◆ Goal of the exercise ◆
Given the records below, would you repeat exactly the lines that begin at the one containing "Title: Unsolved Questions" and end at the one containing "Sushilkumar Shinde Quotes: Caste", inclusive?

◆ Entries supplied ◆
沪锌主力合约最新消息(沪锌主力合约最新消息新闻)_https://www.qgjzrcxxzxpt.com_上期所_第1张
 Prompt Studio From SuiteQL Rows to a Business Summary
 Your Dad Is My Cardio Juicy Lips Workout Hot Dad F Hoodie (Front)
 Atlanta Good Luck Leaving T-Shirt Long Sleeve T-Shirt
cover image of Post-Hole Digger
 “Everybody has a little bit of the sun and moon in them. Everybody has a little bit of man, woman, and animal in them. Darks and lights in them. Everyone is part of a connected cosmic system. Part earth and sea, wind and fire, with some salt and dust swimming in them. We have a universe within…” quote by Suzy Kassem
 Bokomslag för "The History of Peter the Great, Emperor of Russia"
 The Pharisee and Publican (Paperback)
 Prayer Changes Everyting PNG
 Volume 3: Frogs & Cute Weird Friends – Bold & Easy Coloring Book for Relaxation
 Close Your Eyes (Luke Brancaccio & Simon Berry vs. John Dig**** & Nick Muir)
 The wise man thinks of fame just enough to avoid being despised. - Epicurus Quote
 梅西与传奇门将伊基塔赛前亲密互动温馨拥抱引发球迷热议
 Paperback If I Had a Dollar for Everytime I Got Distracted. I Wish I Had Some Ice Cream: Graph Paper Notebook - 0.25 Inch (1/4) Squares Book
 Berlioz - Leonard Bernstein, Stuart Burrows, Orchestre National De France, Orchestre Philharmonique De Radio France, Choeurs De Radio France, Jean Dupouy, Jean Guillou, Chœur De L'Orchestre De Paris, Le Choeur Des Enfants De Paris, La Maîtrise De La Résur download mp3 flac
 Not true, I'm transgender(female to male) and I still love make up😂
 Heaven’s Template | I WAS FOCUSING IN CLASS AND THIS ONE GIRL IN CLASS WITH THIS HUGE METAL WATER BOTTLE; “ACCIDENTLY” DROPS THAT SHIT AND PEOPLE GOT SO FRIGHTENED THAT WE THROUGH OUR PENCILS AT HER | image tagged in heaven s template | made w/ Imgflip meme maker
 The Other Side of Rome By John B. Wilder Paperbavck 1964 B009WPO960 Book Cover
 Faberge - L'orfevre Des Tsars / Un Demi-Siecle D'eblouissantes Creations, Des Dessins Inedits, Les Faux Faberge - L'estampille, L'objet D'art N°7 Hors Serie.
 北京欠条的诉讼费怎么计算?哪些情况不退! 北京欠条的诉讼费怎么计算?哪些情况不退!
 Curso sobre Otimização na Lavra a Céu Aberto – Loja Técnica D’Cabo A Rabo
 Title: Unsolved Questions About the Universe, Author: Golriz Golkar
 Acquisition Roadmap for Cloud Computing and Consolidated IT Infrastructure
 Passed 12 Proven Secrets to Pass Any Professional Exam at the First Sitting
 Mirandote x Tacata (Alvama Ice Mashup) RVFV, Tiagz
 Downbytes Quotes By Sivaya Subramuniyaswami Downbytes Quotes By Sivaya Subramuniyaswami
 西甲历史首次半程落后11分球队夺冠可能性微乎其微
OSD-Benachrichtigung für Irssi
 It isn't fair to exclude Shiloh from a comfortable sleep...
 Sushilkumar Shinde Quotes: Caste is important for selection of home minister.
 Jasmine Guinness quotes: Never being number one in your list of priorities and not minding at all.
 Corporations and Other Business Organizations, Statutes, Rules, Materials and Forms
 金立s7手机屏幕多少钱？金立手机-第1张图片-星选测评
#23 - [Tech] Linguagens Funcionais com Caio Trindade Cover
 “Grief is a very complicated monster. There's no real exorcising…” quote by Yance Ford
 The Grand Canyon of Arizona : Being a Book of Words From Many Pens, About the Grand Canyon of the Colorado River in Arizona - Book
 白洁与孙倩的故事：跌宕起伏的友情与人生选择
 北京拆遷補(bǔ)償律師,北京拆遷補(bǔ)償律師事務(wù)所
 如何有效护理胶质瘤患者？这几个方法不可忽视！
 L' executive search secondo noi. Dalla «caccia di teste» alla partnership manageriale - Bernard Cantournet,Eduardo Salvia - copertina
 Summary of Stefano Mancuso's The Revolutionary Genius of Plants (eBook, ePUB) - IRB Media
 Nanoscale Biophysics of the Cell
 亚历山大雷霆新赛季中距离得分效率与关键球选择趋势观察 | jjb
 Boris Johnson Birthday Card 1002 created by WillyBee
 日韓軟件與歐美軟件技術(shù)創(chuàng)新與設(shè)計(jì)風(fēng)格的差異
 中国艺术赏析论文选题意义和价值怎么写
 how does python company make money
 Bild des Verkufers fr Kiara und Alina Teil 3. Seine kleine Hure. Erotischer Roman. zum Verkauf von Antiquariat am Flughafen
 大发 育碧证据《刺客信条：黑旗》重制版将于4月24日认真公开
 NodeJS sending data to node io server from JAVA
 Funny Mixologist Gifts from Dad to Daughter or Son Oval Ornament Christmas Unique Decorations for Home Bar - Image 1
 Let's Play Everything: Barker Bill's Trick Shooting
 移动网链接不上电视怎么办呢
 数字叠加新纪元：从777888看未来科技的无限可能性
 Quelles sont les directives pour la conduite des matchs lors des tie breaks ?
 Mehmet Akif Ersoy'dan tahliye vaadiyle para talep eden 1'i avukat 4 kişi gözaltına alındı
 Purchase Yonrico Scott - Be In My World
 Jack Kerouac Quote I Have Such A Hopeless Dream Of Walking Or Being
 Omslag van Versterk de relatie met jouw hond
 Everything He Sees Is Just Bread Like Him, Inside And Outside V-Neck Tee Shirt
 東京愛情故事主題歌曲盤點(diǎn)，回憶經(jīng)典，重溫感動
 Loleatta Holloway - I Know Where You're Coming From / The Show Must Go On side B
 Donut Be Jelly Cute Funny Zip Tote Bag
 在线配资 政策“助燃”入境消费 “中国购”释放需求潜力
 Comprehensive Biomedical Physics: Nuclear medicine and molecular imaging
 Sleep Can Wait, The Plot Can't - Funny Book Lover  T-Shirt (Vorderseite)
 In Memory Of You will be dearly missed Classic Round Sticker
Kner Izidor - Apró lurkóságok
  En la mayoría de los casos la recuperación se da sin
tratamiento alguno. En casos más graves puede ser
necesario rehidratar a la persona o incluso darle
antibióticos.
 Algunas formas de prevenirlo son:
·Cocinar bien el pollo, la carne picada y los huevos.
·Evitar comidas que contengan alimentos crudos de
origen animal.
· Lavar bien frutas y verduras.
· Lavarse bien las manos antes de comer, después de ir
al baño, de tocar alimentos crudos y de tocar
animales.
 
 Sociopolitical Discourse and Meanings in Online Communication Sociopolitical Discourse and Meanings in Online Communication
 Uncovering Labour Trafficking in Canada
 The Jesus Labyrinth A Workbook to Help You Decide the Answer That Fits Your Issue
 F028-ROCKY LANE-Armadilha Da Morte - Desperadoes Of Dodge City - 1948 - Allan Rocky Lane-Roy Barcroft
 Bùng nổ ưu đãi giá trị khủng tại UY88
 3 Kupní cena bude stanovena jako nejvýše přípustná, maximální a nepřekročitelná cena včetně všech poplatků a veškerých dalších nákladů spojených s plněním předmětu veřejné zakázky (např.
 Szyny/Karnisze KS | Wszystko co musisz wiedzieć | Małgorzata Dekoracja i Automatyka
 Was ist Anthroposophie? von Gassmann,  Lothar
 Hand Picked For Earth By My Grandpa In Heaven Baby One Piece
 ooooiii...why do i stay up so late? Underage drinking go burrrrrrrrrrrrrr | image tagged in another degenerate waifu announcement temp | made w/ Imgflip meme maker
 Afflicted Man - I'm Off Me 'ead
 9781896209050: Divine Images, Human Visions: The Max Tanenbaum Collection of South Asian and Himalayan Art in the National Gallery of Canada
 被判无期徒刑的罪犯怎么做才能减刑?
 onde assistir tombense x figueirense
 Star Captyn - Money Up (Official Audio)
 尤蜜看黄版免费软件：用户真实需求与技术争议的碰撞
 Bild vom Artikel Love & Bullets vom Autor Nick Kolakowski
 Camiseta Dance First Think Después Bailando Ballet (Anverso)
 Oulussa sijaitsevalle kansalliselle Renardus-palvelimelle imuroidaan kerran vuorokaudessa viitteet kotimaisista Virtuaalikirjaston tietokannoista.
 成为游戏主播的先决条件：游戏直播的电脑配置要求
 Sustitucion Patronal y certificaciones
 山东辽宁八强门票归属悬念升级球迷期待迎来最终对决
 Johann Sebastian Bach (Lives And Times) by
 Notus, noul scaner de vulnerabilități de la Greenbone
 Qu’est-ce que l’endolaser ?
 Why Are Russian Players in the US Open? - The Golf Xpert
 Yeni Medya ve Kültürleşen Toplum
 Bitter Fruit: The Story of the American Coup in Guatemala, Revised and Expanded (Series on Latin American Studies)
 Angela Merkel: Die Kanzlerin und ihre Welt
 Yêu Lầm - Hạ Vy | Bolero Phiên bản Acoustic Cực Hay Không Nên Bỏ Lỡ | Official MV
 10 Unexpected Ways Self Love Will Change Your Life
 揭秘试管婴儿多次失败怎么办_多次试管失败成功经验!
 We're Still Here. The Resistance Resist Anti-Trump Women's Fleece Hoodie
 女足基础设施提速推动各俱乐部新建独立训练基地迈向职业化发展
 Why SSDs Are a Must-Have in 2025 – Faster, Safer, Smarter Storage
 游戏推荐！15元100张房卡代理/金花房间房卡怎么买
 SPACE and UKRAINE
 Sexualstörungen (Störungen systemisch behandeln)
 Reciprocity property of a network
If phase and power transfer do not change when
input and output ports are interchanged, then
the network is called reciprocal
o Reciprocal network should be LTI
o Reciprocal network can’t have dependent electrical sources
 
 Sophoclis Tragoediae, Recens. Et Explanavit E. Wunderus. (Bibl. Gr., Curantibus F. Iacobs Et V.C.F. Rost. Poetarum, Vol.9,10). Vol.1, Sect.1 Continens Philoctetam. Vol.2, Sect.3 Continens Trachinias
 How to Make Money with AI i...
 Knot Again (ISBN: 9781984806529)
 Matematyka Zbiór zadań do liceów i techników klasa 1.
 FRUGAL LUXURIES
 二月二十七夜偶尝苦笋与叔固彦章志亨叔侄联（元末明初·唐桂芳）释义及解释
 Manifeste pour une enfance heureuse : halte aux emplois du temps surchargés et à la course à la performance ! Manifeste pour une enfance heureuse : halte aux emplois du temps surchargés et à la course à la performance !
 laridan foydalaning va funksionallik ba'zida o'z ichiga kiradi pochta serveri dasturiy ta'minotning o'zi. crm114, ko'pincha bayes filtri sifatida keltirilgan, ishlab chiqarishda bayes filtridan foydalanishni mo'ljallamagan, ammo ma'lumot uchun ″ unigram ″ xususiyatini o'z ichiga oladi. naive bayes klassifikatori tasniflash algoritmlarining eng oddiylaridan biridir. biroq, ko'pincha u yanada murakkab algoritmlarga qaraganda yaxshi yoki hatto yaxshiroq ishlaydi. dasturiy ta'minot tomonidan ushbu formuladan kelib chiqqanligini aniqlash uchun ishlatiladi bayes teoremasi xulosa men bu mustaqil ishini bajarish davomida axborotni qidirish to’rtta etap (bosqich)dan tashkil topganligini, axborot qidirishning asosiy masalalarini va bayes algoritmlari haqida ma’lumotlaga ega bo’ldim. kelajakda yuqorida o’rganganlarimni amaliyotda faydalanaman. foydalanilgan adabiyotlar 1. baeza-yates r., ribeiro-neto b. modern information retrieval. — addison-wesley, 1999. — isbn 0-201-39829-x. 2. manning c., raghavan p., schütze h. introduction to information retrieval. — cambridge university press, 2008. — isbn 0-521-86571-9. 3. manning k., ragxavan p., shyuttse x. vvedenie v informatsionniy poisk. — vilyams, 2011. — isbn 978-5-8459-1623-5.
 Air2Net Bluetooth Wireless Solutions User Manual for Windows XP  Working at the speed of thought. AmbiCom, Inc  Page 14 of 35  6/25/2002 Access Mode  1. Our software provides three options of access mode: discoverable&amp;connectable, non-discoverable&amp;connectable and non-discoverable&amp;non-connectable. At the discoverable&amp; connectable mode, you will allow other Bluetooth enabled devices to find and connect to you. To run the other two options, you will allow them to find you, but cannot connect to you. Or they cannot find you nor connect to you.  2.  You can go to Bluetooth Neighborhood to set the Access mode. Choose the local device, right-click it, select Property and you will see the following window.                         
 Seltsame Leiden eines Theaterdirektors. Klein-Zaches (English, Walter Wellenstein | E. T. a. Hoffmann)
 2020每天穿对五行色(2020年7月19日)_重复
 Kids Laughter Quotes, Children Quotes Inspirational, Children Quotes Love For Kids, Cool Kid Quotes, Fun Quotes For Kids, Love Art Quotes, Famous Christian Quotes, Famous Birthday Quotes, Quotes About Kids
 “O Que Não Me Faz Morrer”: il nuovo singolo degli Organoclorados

◆ Answer section ◆
 Title: Unsolved Questions About the Universe, Author: Golriz Golkar
 Acquisition Roadmap for Cloud Computing and Consolidated IT Infrastructure
 Passed 12 Proven Secrets to Pass Any Professional Exam at the First Sitting
 Mirandote x Tacata (Alvama Ice Mashup) RVFV, Tiagz
 Downbytes Quotes By Sivaya Subramuniyaswami Downbytes Quotes By Sivaya Subramuniyaswami
 西甲历史首次半程落后11分球队夺冠可能性微乎其微
OSD-Benachrichtigung für Irssi
 It isn't fair to exclude Shiloh from a comfortable sleep...
 Sushilkumar Shinde Quotes: Caste is important for selection of home minister.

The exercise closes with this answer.